#### What you will do:
Go through the entries and set each one down exactly.

#### Data records:
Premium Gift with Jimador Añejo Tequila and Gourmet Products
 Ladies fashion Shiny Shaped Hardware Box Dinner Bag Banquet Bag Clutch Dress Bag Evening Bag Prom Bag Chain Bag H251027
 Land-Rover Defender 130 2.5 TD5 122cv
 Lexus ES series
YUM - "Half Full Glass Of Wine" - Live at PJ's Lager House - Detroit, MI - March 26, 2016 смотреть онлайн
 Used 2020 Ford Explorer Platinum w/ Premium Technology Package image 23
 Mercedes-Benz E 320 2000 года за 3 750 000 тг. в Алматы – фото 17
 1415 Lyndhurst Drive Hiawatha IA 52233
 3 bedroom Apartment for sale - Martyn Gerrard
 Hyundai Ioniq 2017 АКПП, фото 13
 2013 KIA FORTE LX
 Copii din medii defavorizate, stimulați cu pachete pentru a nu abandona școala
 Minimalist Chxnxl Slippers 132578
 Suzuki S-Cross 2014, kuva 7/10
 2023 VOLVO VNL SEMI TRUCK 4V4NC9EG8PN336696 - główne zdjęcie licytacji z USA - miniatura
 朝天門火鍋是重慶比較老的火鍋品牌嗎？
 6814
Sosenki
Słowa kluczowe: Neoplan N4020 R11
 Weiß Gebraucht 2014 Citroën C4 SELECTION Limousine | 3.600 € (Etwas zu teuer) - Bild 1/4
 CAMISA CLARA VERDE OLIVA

#### Reply:
Premium Gift with Jimador Añejo Tequila and Gourmet Products
 Ladies fashion Shiny Shaped Hardware Box Dinner Bag Banquet Bag Clutch Dress Bag Evening Bag Prom Bag Chain Bag H251027
 Land-Rover Defender 130 2.5 TD5 122cv
 Lexus ES series
YUM - "Half Full Glass Of Wine" - Live at PJ's Lager House - Detroit, MI - March 26, 2016 смотреть онлайн
 Used 2020 Ford Explorer Platinum w/ Premium Technology Package image 23
 Mercedes-Benz E 320 2000 года за 3 750 000 тг. в Алматы – фото 17
 1415 Lyndhurst Drive Hiawatha IA 52233
 3 bedroom Apartment for sale - Martyn Gerrard
 Hyundai Ioniq 2017 АКПП, фото 13
 2013 KIA FORTE LX
 Copii din medii defavorizate, stimulați cu pachete pentru a nu abandona școala
 Minimalist Chxnxl Slippers 132578
 Suzuki S-Cross 2014, kuva 7/10
 2023 VOLVO VNL SEMI TRUCK 4V4NC9EG8PN336696 - główne zdjęcie licytacji z USA - miniatura
 朝天門火鍋是重慶比較老的火鍋品牌嗎？
 6814
Sosenki
Słowa kluczowe: Neoplan N4020 R11
 Weiß Gebraucht 2014 Citroën C4 SELECTION Limousine | 3.600 € (Etwas zu teuer) - Bild 1/4
 CAMISA CLARA VERDE OLIVA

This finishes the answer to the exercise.